Bellissima iniziativa della sezione dei Lyons club Borgo Val di Taro. Venerdi 31 gennaio i rappresentanti dell’associazione hanno consegnato al nostro Emporio una ricca fornitura di materiale scolastico. Materiale prezioso per i ragazzi delle nostre famiglie e una concreta azione per migliorare le loro condizione educative.

La mancanza di materiale scolastico e il costo dei libri sono sempre una difficoltà e un momento di umiliazione per le nostre famiglie. Sia il materiale scolastico che i libri sono gestiti come merce di consumo e non hanno una gestione che faciliti le famiglie. Questo se per la maggioranza delle famiglie e’ una spesa importante ma affrontabile diventa un appuntamento non aspettato per quelle in difficoltà.

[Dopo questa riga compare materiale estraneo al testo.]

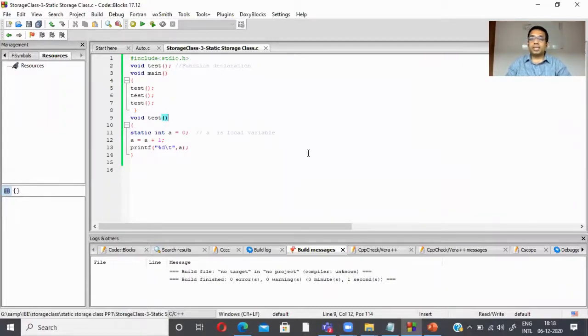So that is the specialty of variables in the static storage class. They may be declared as local or global, and their lifetime is till the program terminates. That's it for the video lecture — thanks for watching.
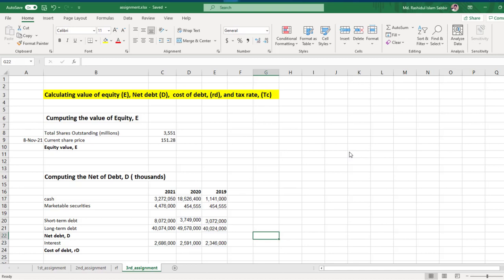In this video we're going to calculate value of equity, net debt, cost of debt, and tax rate. For that we need some data like total shares outstanding and current share price.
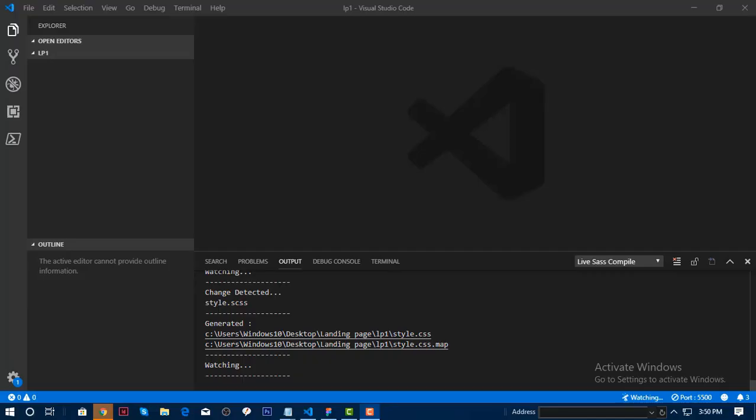Today I'm going to create a landing page for HubSpot. I wanted to work on it from scratch, and I really like SASS a lot because it helps me expedite my tasks. It's very easy to accomplish this in Visual Studio.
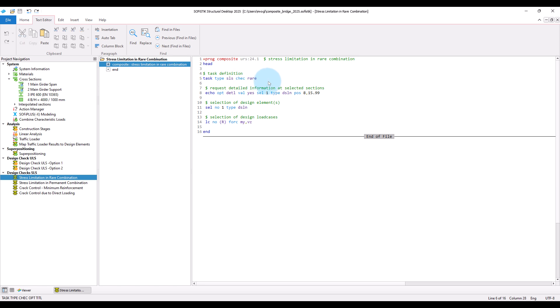And of course we need different design load cases, those superposed for the rare combination. So we choose here to get the design load cases of type rare, and filter them to only get those superposed for max or min bending moment mY or shear force.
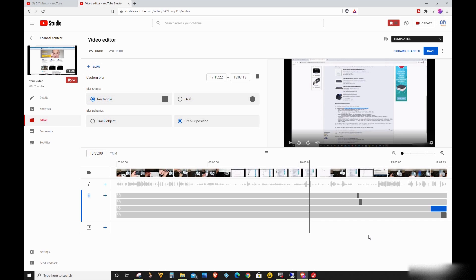Looking at it, I noticed that it always have issue with two particular blur effects which goes to the end of the video. Apparently, YouTube Video Editor seemed to choke once you add the effect that goes to the end of the video.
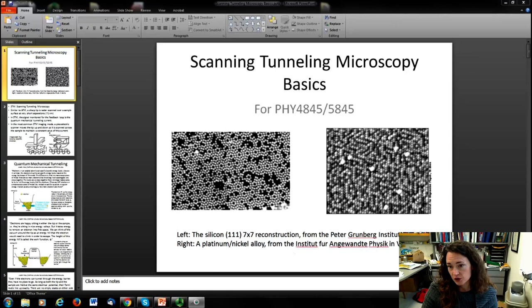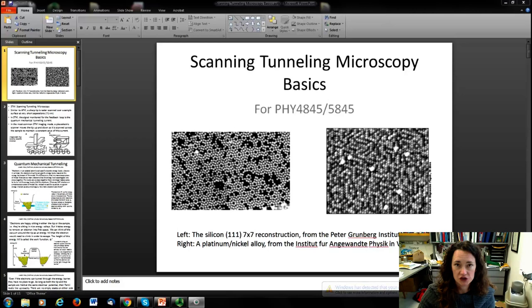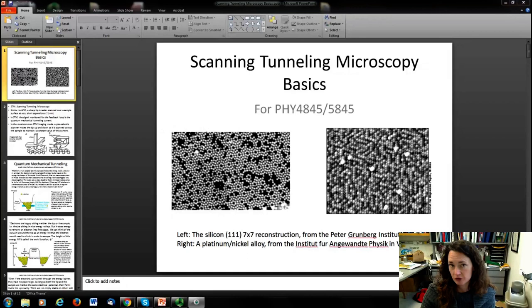Here on the right, this is a platinum-nickel alloy. In this one, you can see that the platinum and nickel appear at different levels of gray — some atoms appear brighter than others. You also see point defects with larger features on the surface. So you're getting true atomic resolution in each of these images using scanning tunneling microscopy.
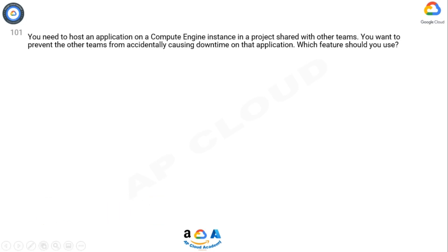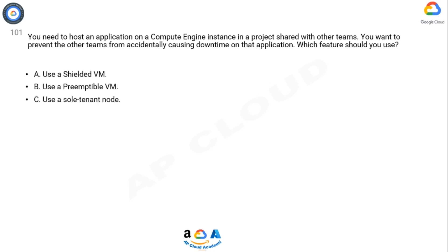You need to host an application on a compute engine instance in a project shared with other teams. You want to prevent the other teams from accidentally causing downtime on that application. Which features should you use?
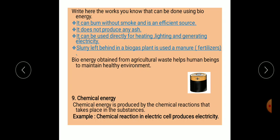Biogas can burn without smoke and is an efficient source of energy. It does not produce any ash. It can be used directly for heating, lighting and generating electricity. The slurry left behind in a biogas plant is used as manure. Bioenergy obtained from agricultural waste helps human beings to maintain a healthy environment.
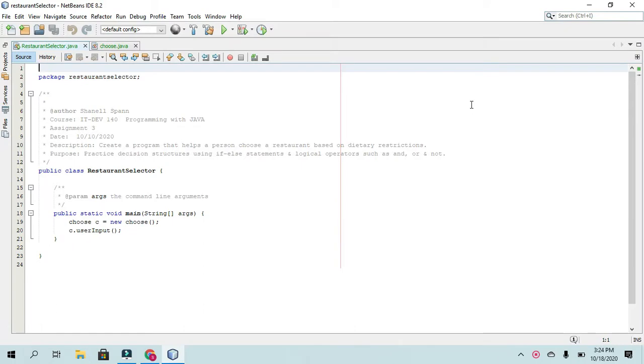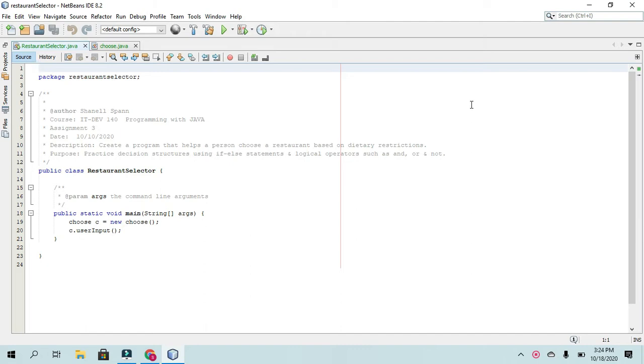All right, this is the restaurant selector app. It is from Chapter 3, Programming Challenge number 18. In this application, we are to help a person choose a restaurant based on their dietary restrictions. In this application, we practice decision structures using if-else statements and logical operators such as and, or, and not.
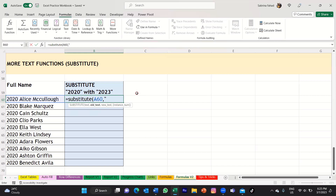So you would type a quotation mark and then type the old text. The old text for us is the year, which is 2020. So I'm just going to type 2020 and then close that with another quotation mark. You would then type another comma, and then you want to put in the new text that you want to replace it with. So I want to replace that with 2023, and again you want to put that in quotation marks. And then you would close your bracket, so that completes the function. Then press enter on your keyboard.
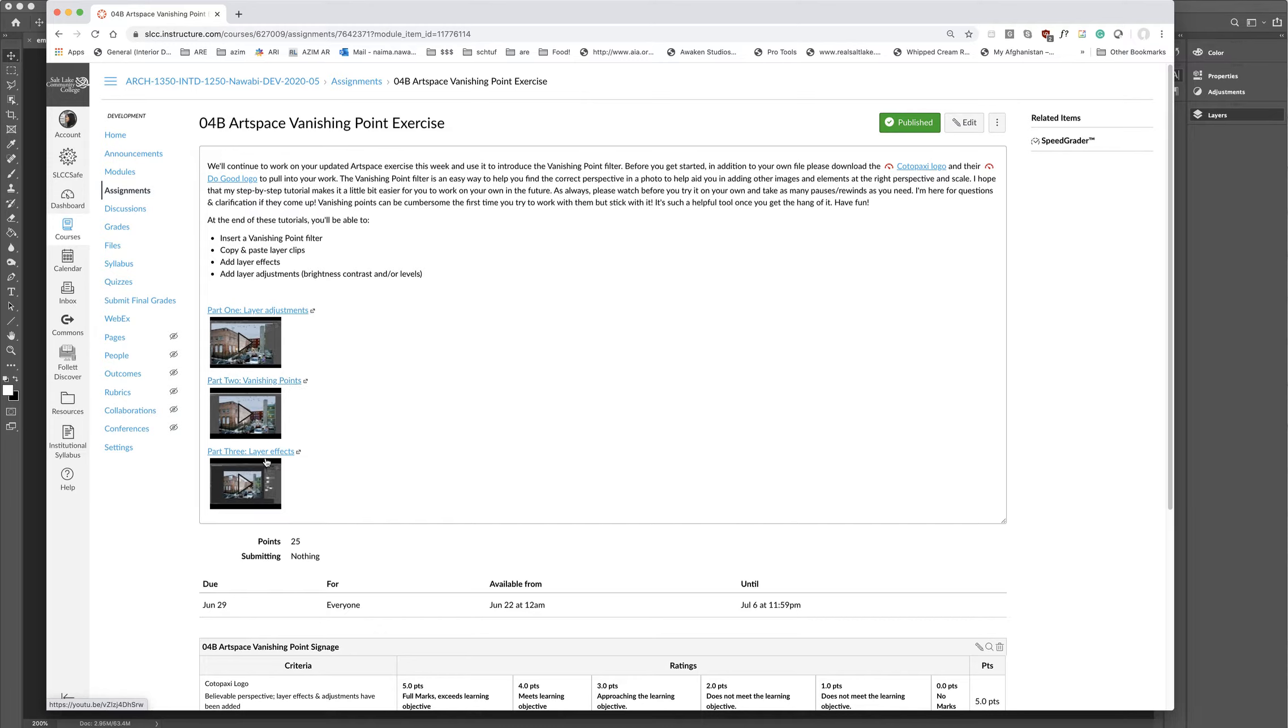And then the last part is layer effects. That's part three, where I teach you guys how to add drop shadows. There's beveling and embossing, and there's lots of other stuff there too that we'll talk about in the coming weeks.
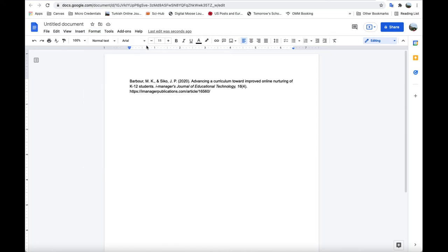The only way I know how to do it is you see these two blue items here. One of them is a line and the other one is a down arrow. The line indicates where the beginning of a paragraph is and the arrow indicates where the rest of it is.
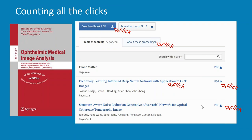She decides she'll have a look at the first chapter — Dictionary Learning Informed Deep Neural Networks — and clicks onto the full text HTML. She decides she likes what she sees and downloads the PDF. Then she looks at the second chapter, Structure-Aware Noise Reduction, and downloads the PDF of that chapter as well. At this point, she decides she likes this book so much she's not going to continue downloading individual chapters — she is going to download the entire book.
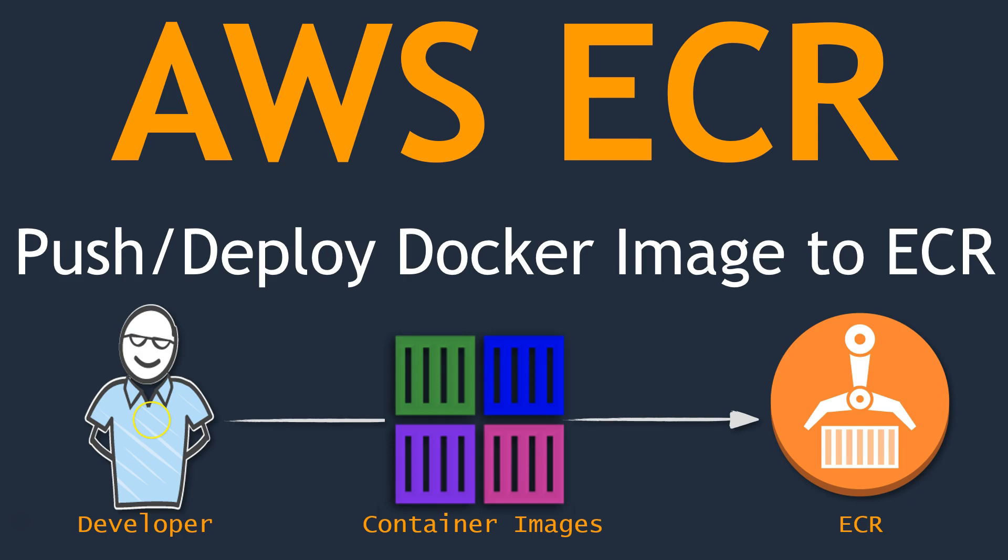Hello folks, welcome to our channel. In today's video, we are going to see how to push images into your container registry. If you don't have a repository already or a registry created, I will show you how to create a registry and then how to push a simple image into that registry itself.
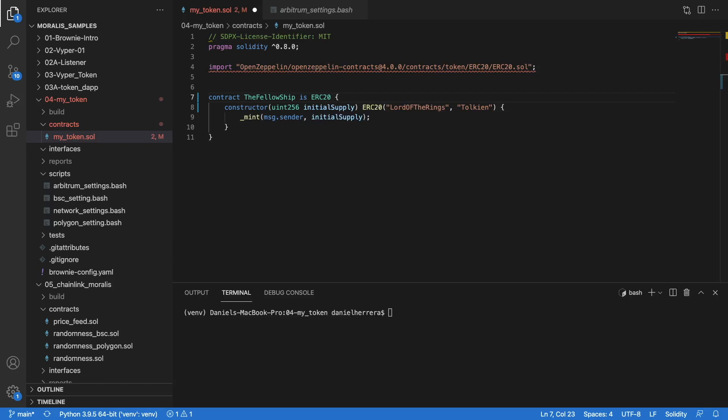Hello friends, today we're going to do something very interesting. We are going to deploy our own token in a layer 2 solution, and this layer 2 solution is Arbitrum.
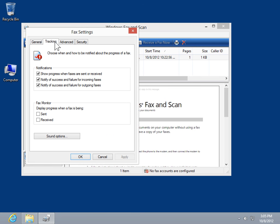To have Fax Monitor open automatically when a fax is being sent, select the Sent checkbox. To have Fax Monitor open automatically when a fax is being received, select the Received checkbox.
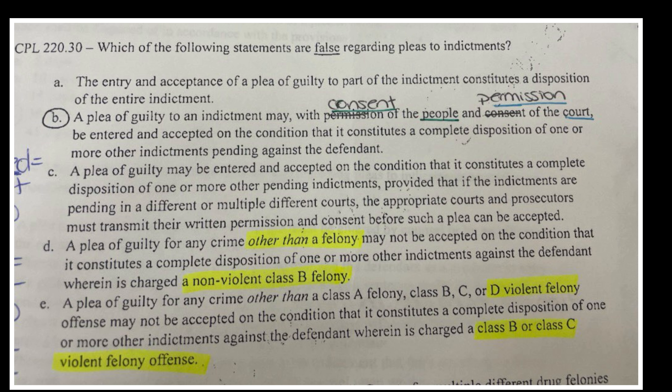Here's a study question — which is a false statement? The entry and acceptance of a plea of guilty to part of the indictment constitutes a disposition of the entire indictment — we already know that's true. A plea of guilty to an indictment may with permission of the people and consent of the court — that's wrong, because it's always consent of the people and permission of the court. A plea of guilty may be accepted as a complete disposition of other pending indictments, provided that if the other indictments are pending in different courts, those courts and prosecutors must transmit their written permission and consent before such a plea can be accepted.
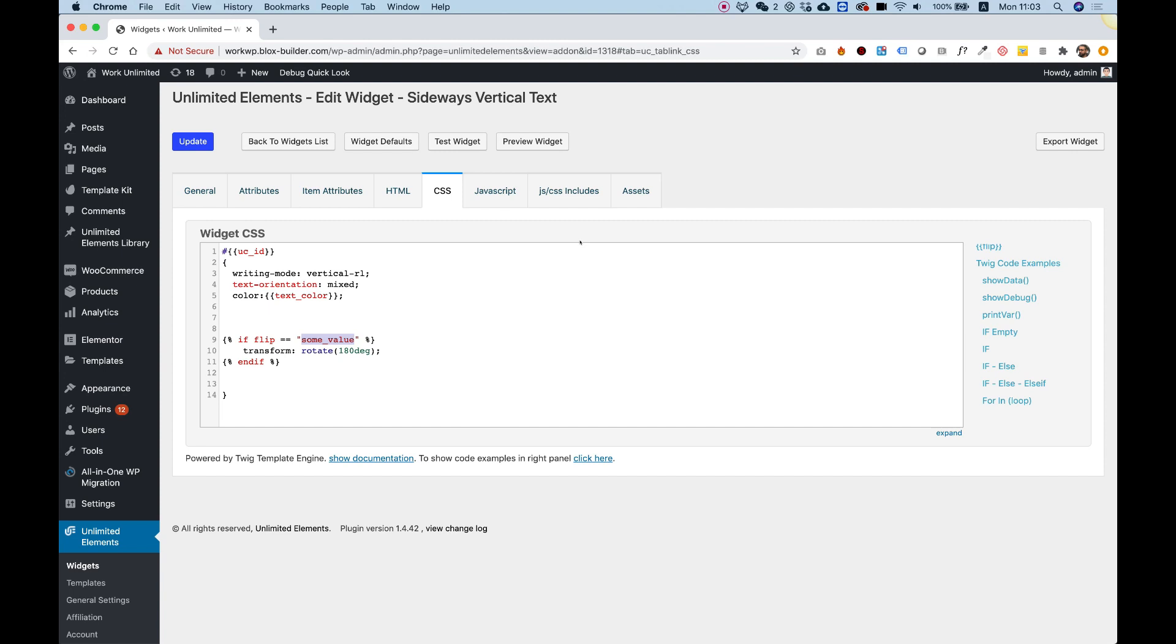So let's write over here true, and if it's true, then rotate my widget by 180 degrees.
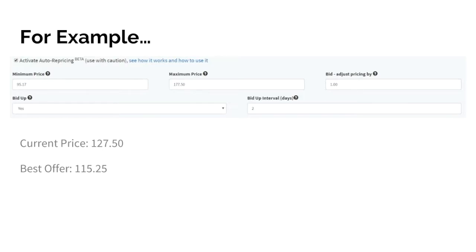Bidding up works slightly differently in Jet and Walmart. In Jet, they do not provide us with the next best offer. So in Jet, when we begin the bid up process, we will raise your price to its maximum, $177.50, and then begin checking for lower prices, starting the whole process again.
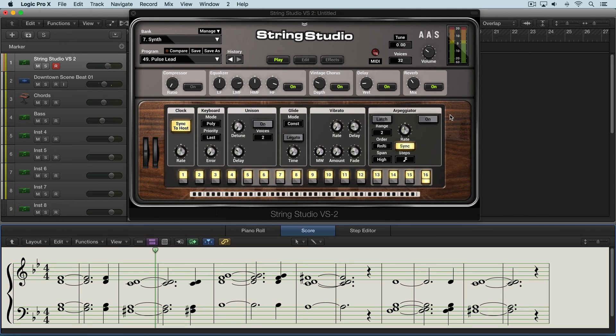There's a really nice arpeggiator built into String Studio VS2 and it's intuitive to use, and there's also a really nice step sequencer pattern generator here.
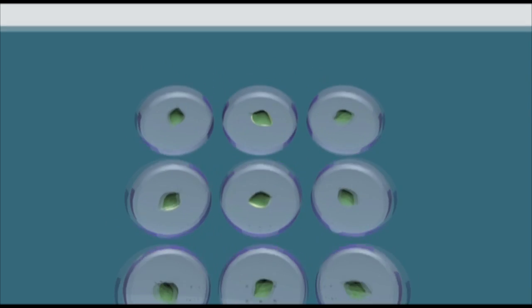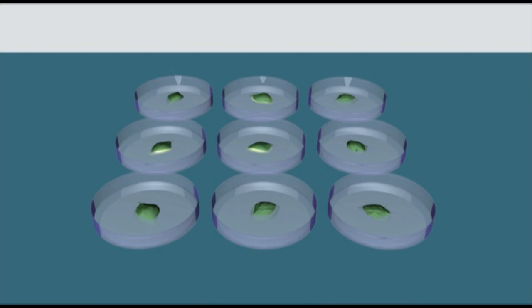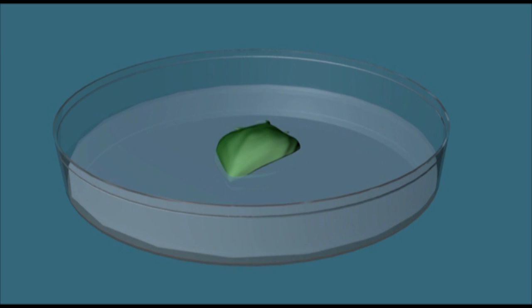Each plate here has one of three types of media that, depending on its combination of auxins and cytokinins, will produce different effects.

Il materiale e’ stato ritirato e già dal prossimo martedì sarà consegnato agli studenti che in questo modo potranno accedere alla scuola con tutti gli strumenti necessari per l’apprendimento. Non poter accedere agli strumenti di apprendimento può essere un primo step di un percorso scolastico demotivato che può portare in adolescenza ad un drop-out.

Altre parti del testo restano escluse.